Date of Award

Summer 7-2015

Embargo Period

5-4-2021

Degree Type

Dissertation

Degree Name

Doctor of Philosophy (PhD)

Department

Robotics Institute

Advisor(s)

Chris Atkeson

Abstract

Robots would be much more useful if they could be more robust. Systems that can tolerate variability and uncertainty are called robust and the design of robust feedback controllers is a difficult problem that has been extensively studied for the past several decades. In this thesis, we aim to provide a quantitative measure of performance and robustness in control design under an optimization framework, producing controllers robust against parametric system uncertainties, external disturbances, and unmodeled dynamics. Under the H1 framework, we formulate the nonlinear robust control problem as a noncooperative, two-player, zero-sum, differential game, with the Hamilton-Jacobi-Isaacs equation as a necessary and sufficient condition for optimality.

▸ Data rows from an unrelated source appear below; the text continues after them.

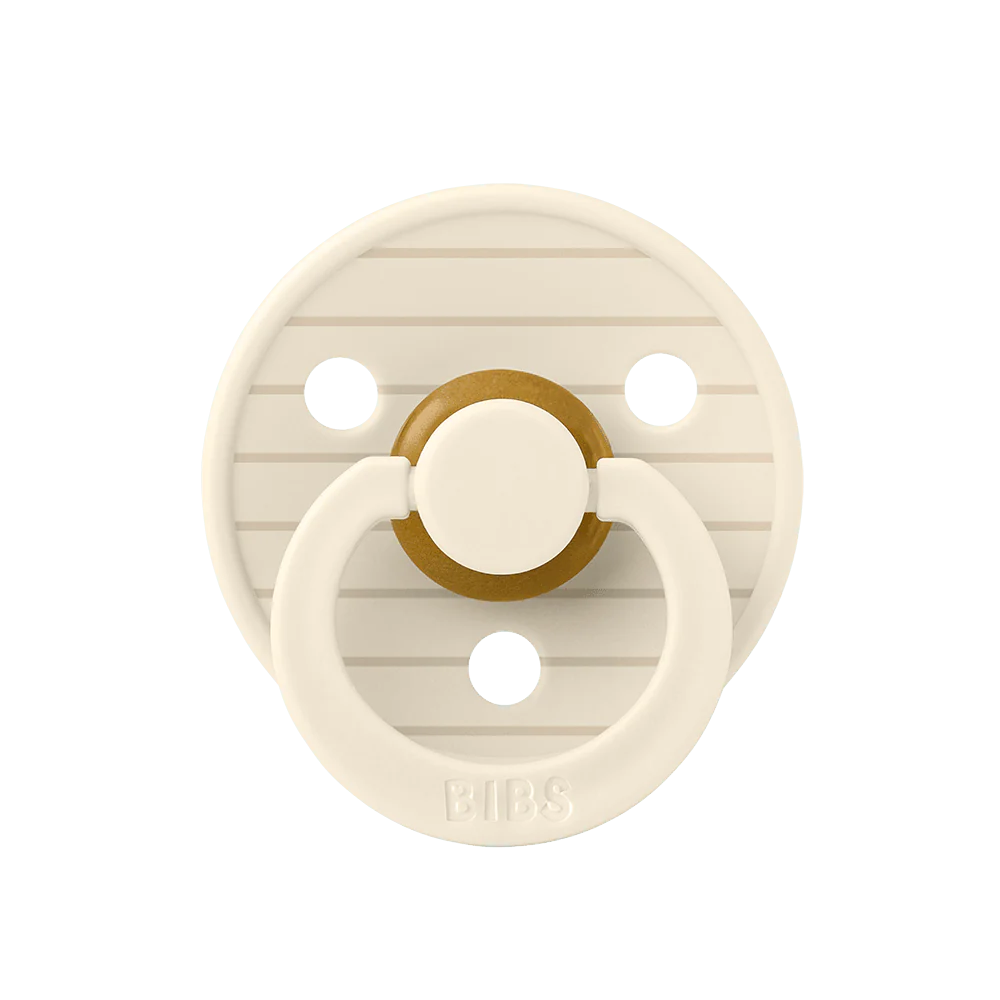 BIBS Studio Pin Pacifiers / Dummies - Ivory Vanilla - Bubbadue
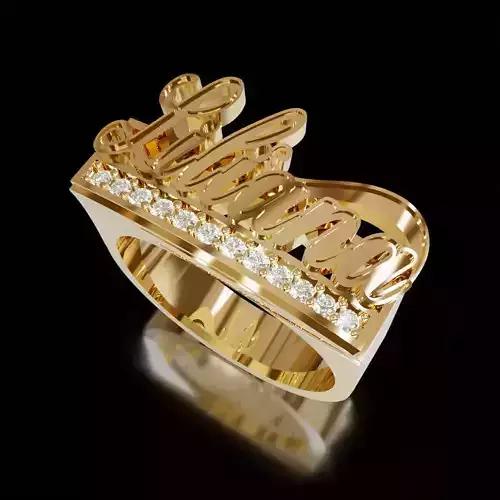 Anillo liliana 3D print model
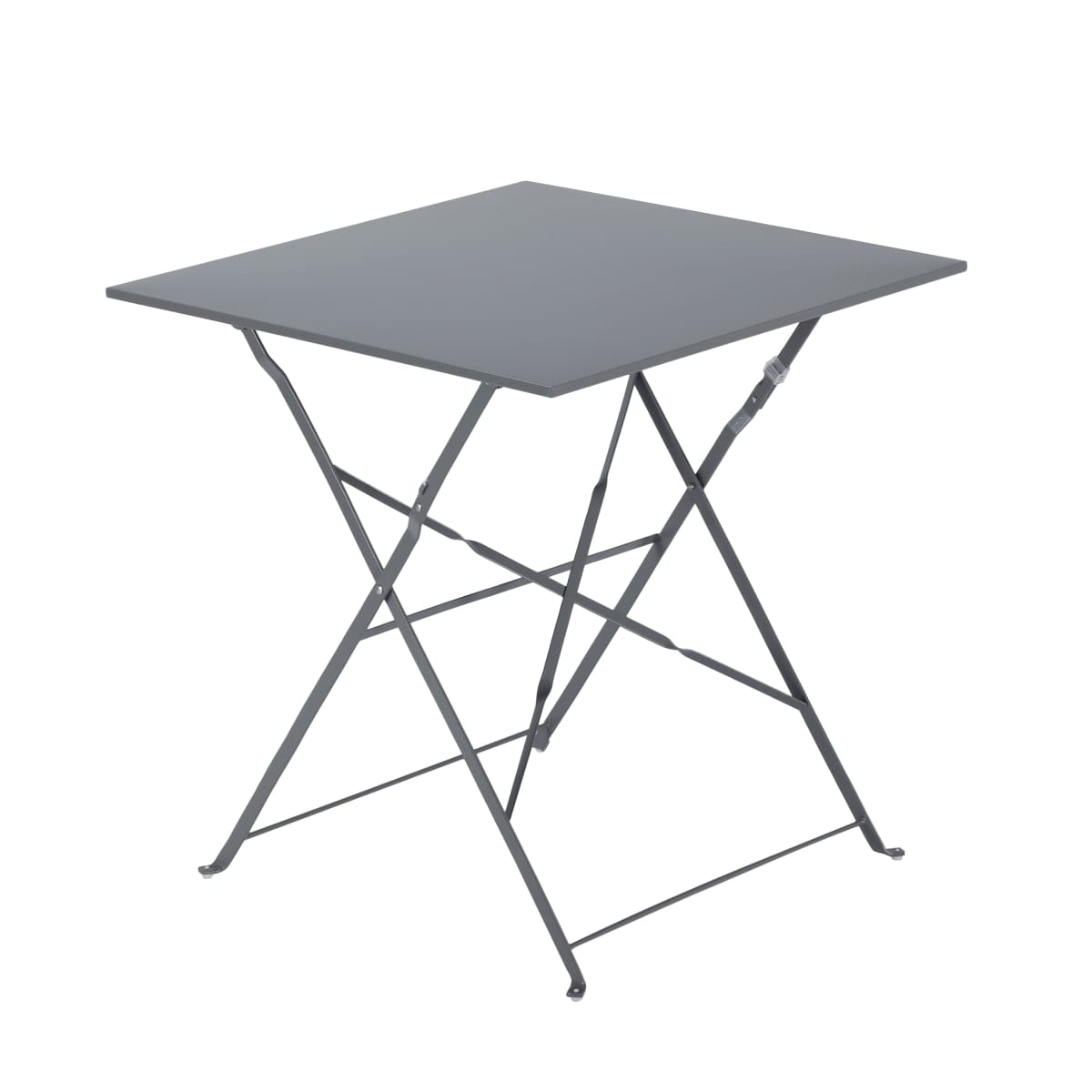 Bricocenter FLORA NATERIAL - Folding Table 2 seater Square Steel - 70x70xh71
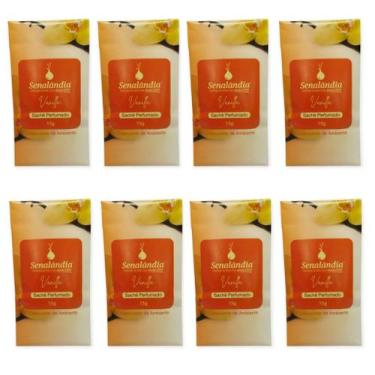 Imagem de Kit 8 Sachê Perfume Cheirinho Guarda Roupa Lavanda Laranjeira Cerejeir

Through a spectral approximation scheme, we develop approximate algorithms to solve this differential game on the foundation of three ideas: global solutions through value function approximation, local solutions with trajectory optimization, and the use of multiple models to address unstructured uncertainties. Our goal is to introduce practical algorithms that are able to address complex system dynamics with high dimensionality, and aim to make a novel contribution to robust control by solving problems on a complexity scale untenable with existing approaches in this domain. We apply this robust control framework to the control of humanoid robots and manipulation in tasks such as operational space control and full-body push recovery.